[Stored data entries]
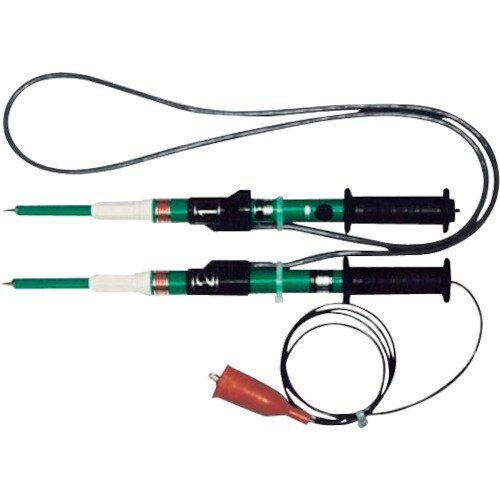 中部精機 検相器(地中線 検電端子・検電帯専用)(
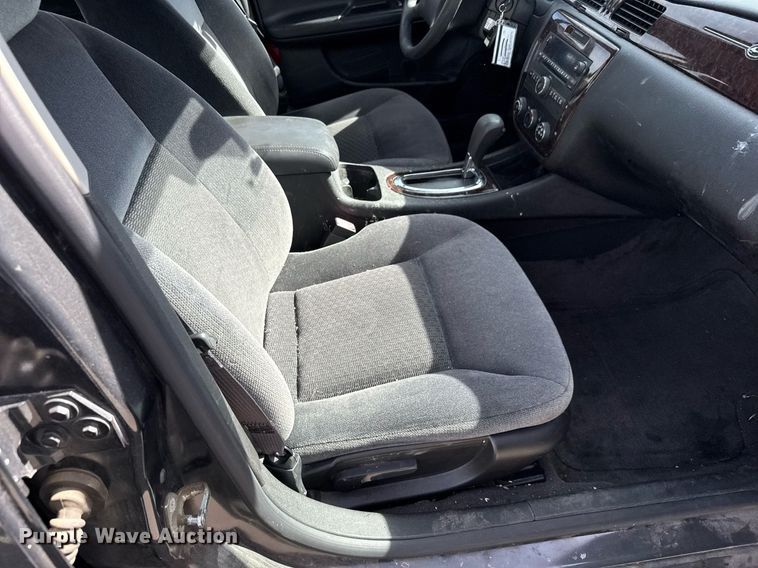 image for item EQ1070 2016 Chevrolet Impala 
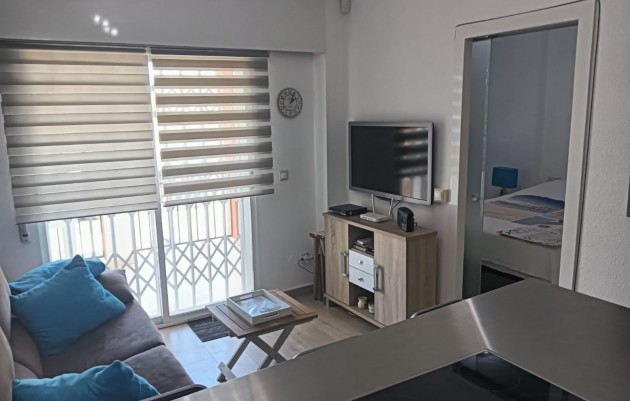 Resale - Apartment - Flat - Torrevieja - La Mata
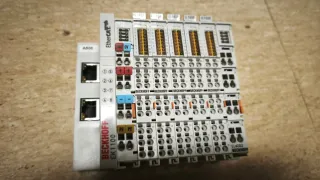 Módulo EtherCAT Beckhoff EK1100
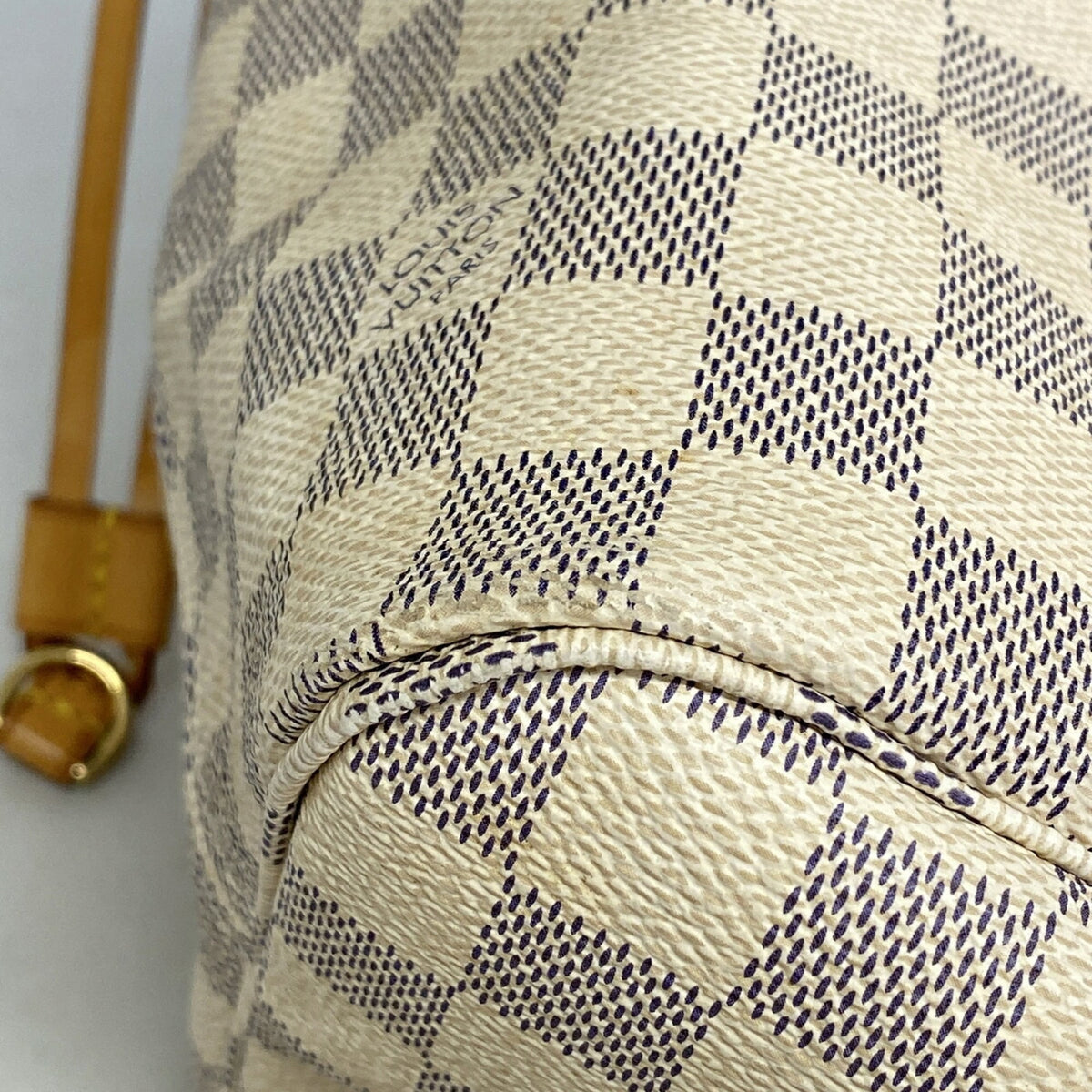 Louis Vuitton Rose Ballerine Tote Bag (Pre-Owned)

> **Assigned task**
Copy every record above exactly, leaving out the pictures.

> **Output of the exercise**
 中部精機 検相器(地中線 検電端子・検電帯専用)(
 image for item EQ1070 2016 Chevrolet Impala 
 Resale - Apartment - Flat - Torrevieja - La Mata
 Módulo EtherCAT Beckhoff EK1100
 Louis Vuitton Rose Ballerine Tote Bag (Pre-Owned)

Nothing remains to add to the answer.